LE VILLAGE DE ZOUTELANDE.
Ce petit monde, aux vives couleurs, ne tarda pas à me laisser seul dans Zoutelande, pour entrer au parvis scolastique.
Je fis le tour du village. Pas une âme. Portes closes. Fenêtres mystérieuses. Silence. Nul lavoir résonnant de battoirs sonores. Aucune ménagère conversant avec une voisine, ou travaillant dans son courtil. Par intervalles, une femme sort avec des seaux d'eau et un immense balai; elle lave sa demeure du haut en bas, gravement, monte jusqu'au toit pour essuyer les tuiles, et referme sa porte, derrière laquelle on la devine, lavant encore, essuyant toujours, fourbissant sans cesse, grattant et ornant.
On a beaucoup parlé de la propreté hollandaise. Elle n'est pas un mythe. Ce peuple a l'orgueil de la netteté. Vivant au milieu de l'eau, sous un ciel pluvieux, gratifié de vents tourbillonnants, il emploie l'un et l'autre à emporter les immondices, la poussière et le mauvais sort.
La pauvreté, en ces parages, semble inconnue; si elle existe, elle est si propre qu'on ne la voit pas. Chaque famille se lègue, de génération à génération, les meubles massifs autour desquels on coule sans secousse une vie pesante.
LES GRANDES VOITURES EN FORME DE NACELLE, RECOUVERTES DE BÂCHES BLANCHES (page [414]).

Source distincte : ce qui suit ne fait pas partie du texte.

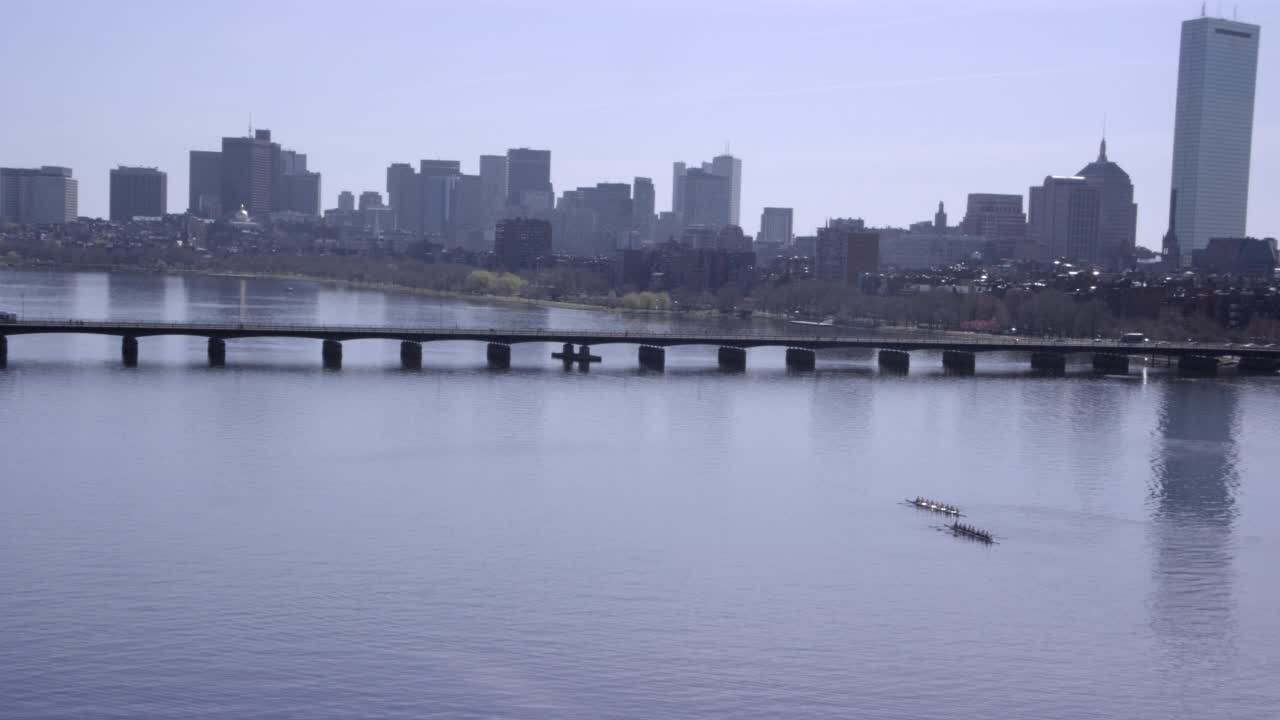 在波士顿市中心和金融中心附近的查尔斯河上空飞行。飞过赛艇队的划艇队员，然后在镜头结束时看到桥或堤道和城市天际线的一部分视频素材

L'humidité ambiante, le rétrécissement forcé des routes terrestres, le manque d'agriculture, d'industrie, sont pour beaucoup dans ces mœurs. Puis la Hollande est un pays de bourgeois, de bateliers et de courtiers, toutes situations sociales où le confort se trouve d'habitude.
Le moindre métayer vous impose par son vêtement, sa faïence et son huis reluisante. Il donne l'impression d'un homme sûr de lui, de son passé, de son présent, de son avenir, nullement inquiété par un impôt progressif, une politique effarante ou une nervosité de mauvais augure.